#### Aim of the task:
Each record must be returned exactly, apart from the pictures, which stay out.

** Opening Listed entries block **

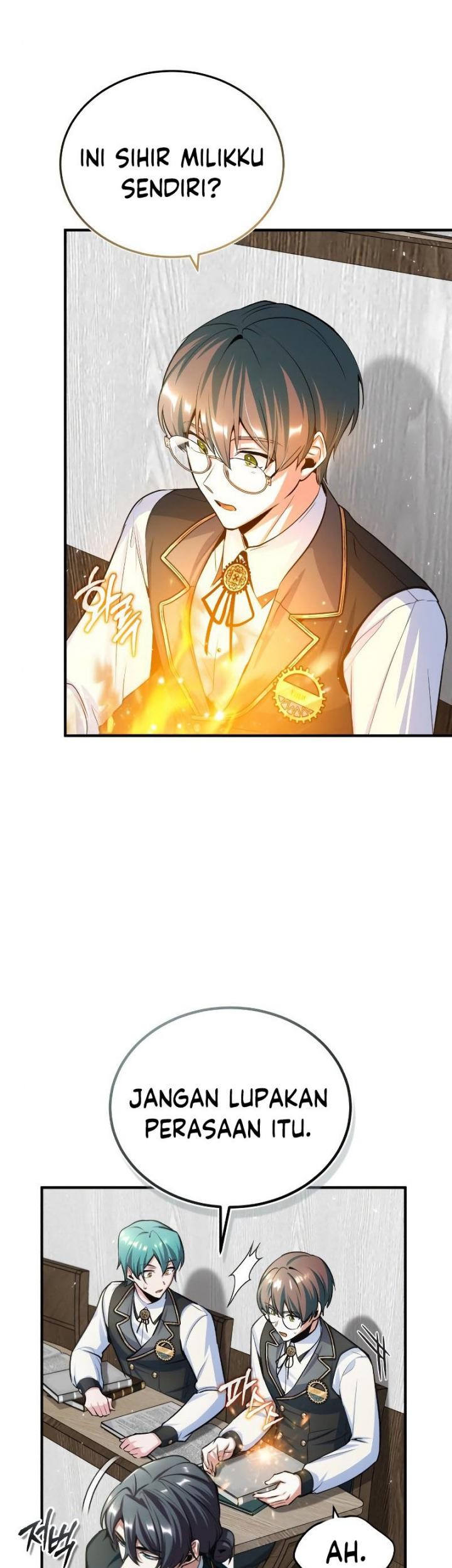 Academy’s Undercover Professor Chapter 22 Gambar 46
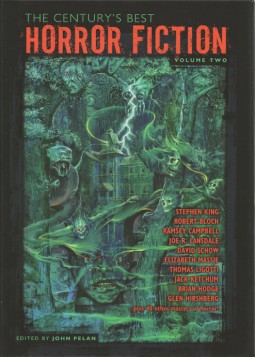 Century's Best Horror Fiction Volume Two, The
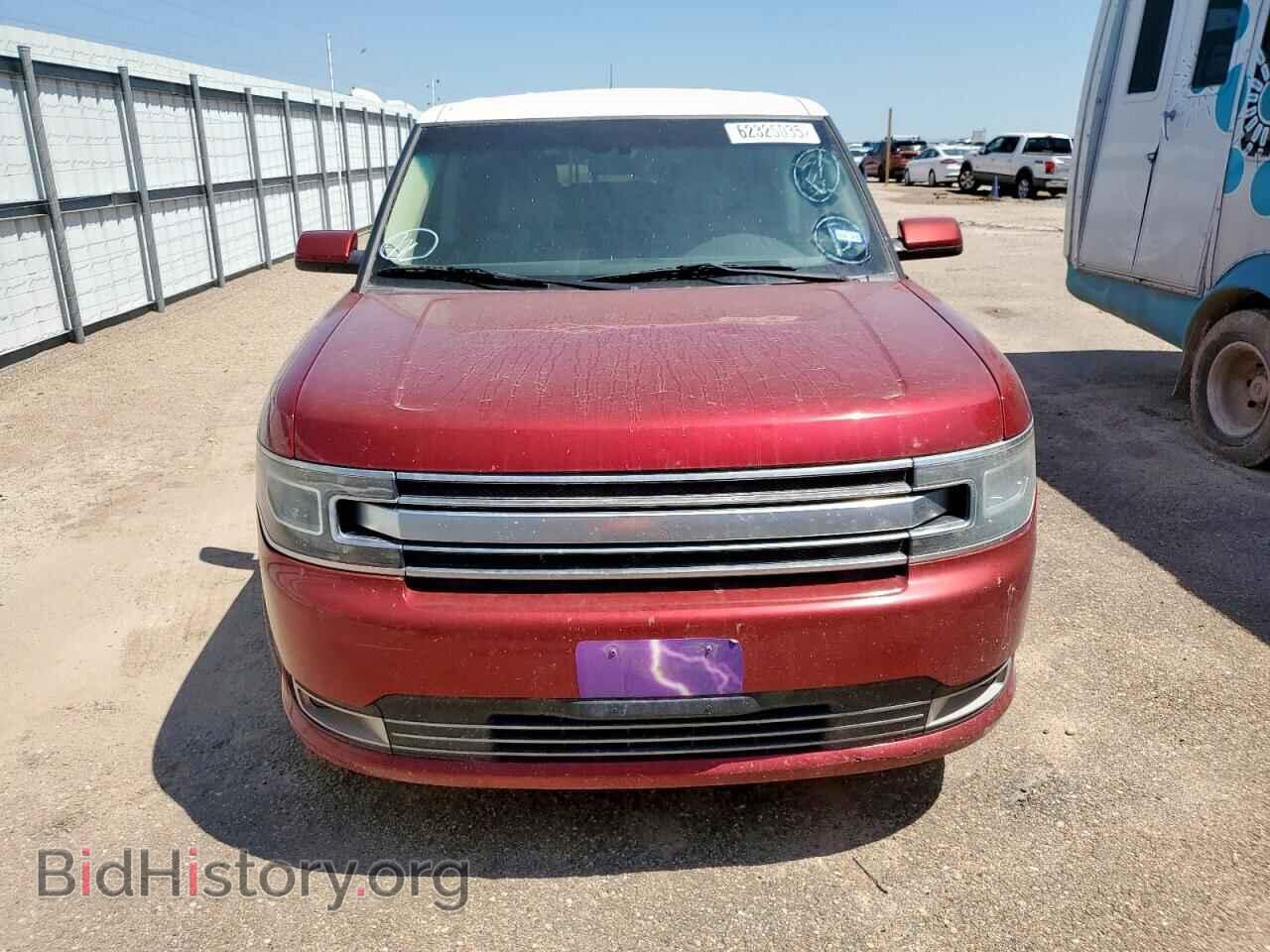 2014 FORD FLEX - VIN: 2FMGK5D80EBD41423 - Фото 5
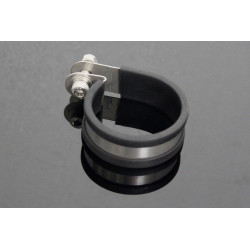 Collier silencieux 70mm déporté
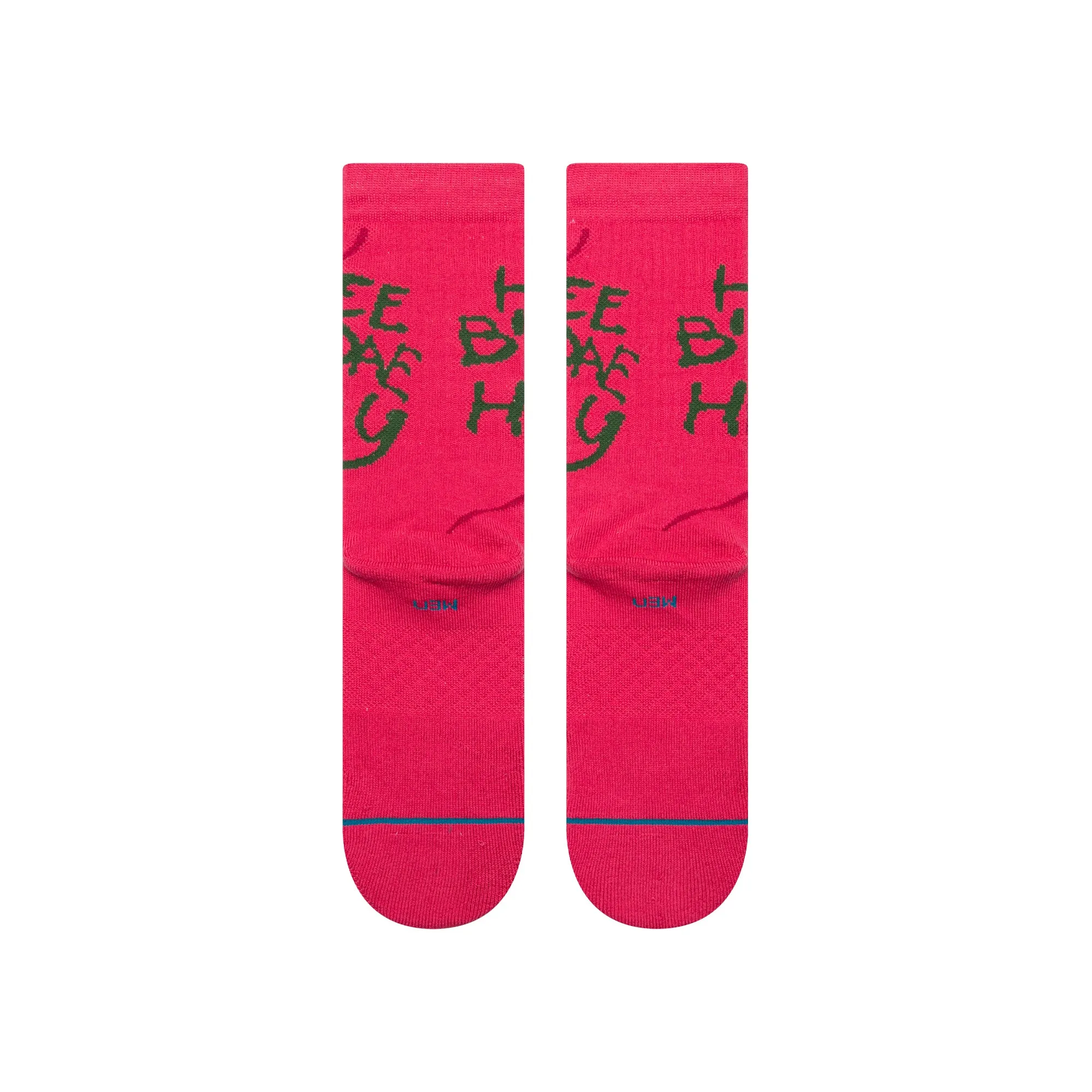 Harry Potter x Stance Happee Crew Socks sold by Stance product image thumbnail 3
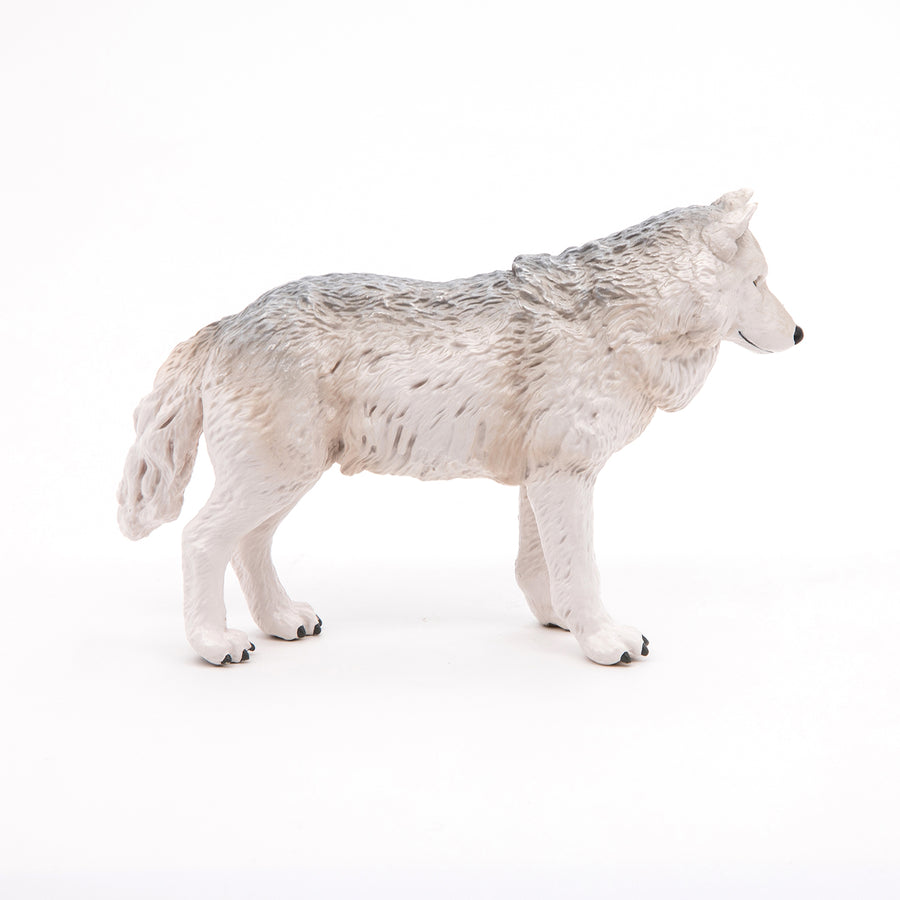 Polarwolf Figur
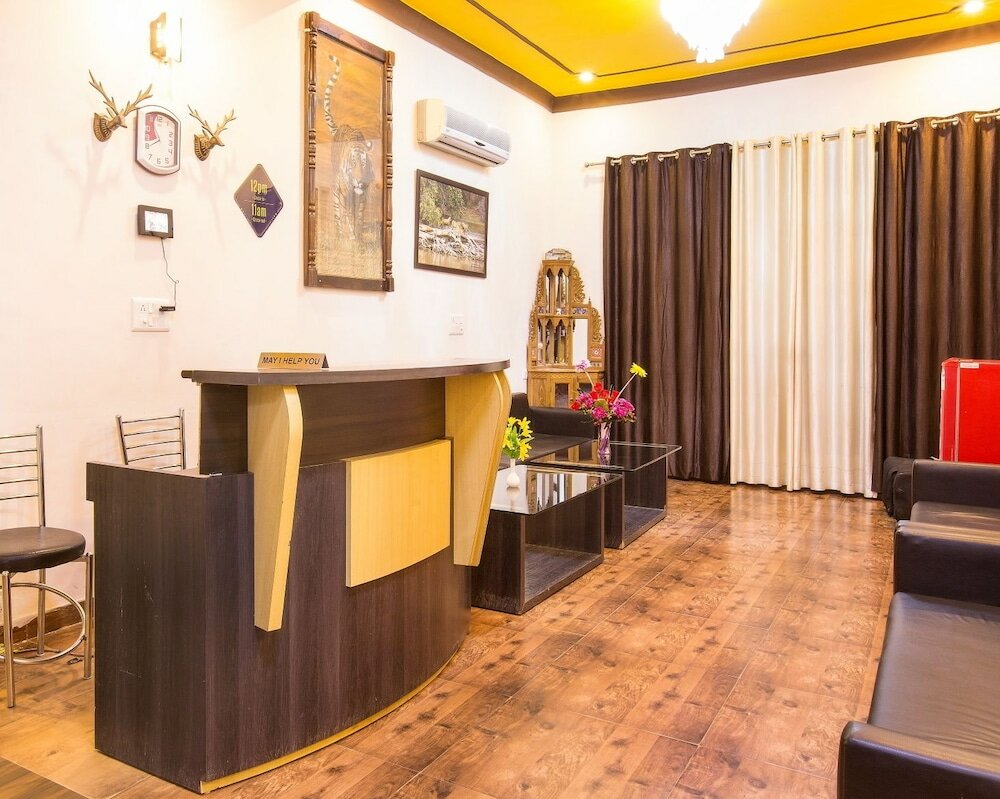 Фото Ranthambhore National Resort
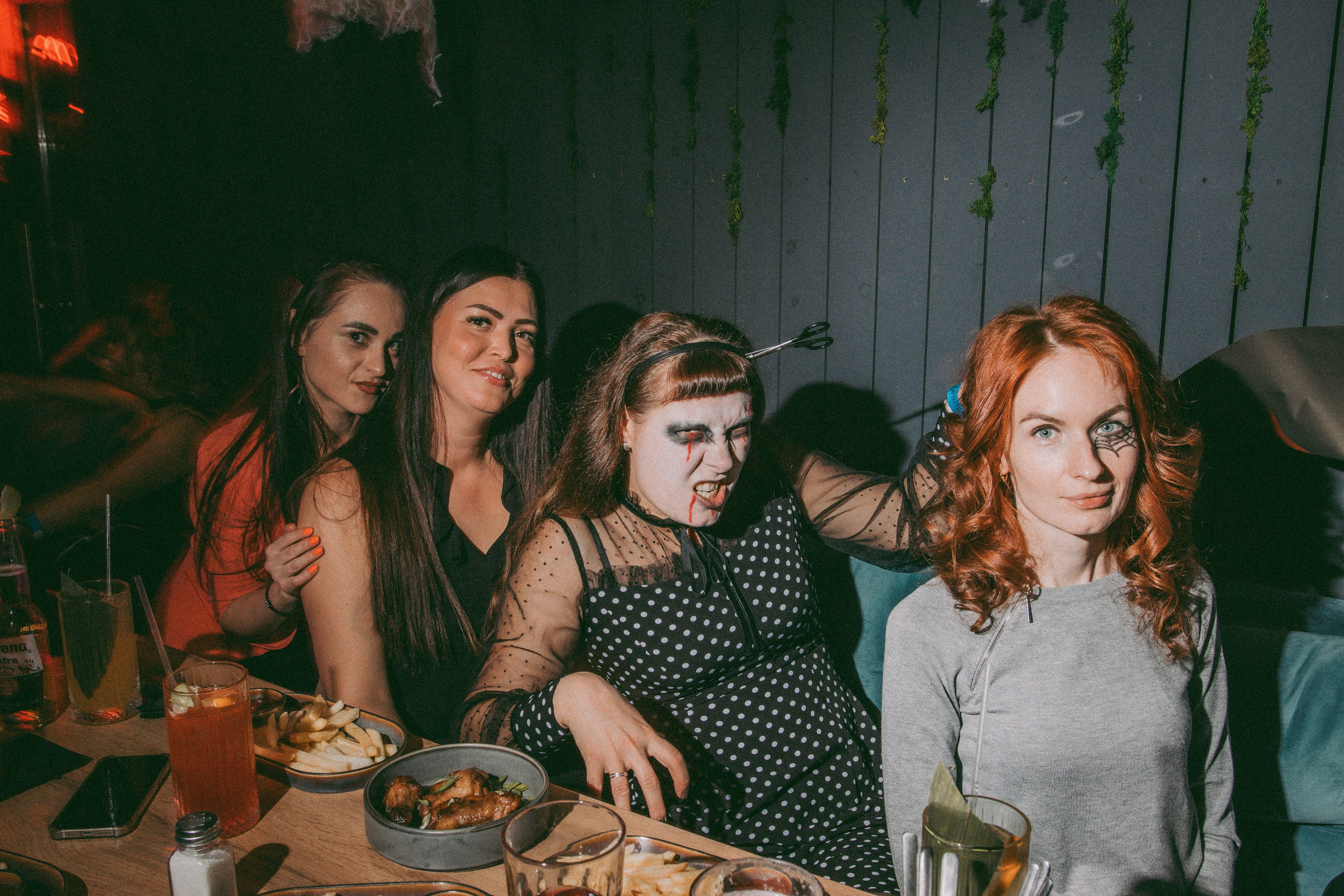 SEVEN bar — Хэллоуин 02.11.24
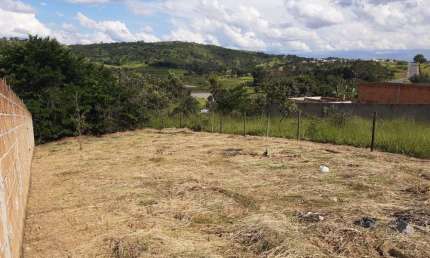 Terreno à venda na Rua João Barbosa da Fonseca, Vida Nova, Vespasiano por R$ 150.000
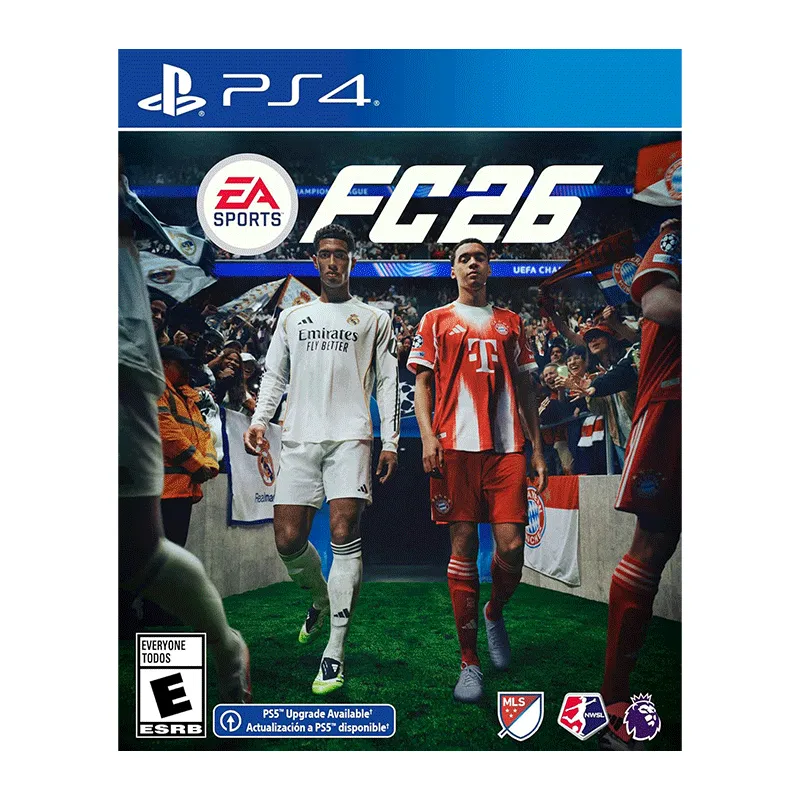 EA Sports FC 26 video Game (PlayStation 4)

** Closing Listed entries block **

#### Solution to this task:
 Academy’s Undercover Professor Chapter 22 Gambar 46
 Century's Best Horror Fiction Volume Two, The
 2014 FORD FLEX - VIN: 2FMGK5D80EBD41423 - Фото 5
 Collier silencieux 70mm déporté
 Harry Potter x Stance Happee Crew Socks sold by Stance product image thumbnail 3
 Polarwolf Figur
 Фото Ranthambhore National Resort
 SEVEN bar — Хэллоуин 02.11.24
 Terreno à venda na Rua João Barbosa da Fonseca, Vida Nova, Vespasiano por R$ 150.000
 EA Sports FC 26 video Game (PlayStation 4)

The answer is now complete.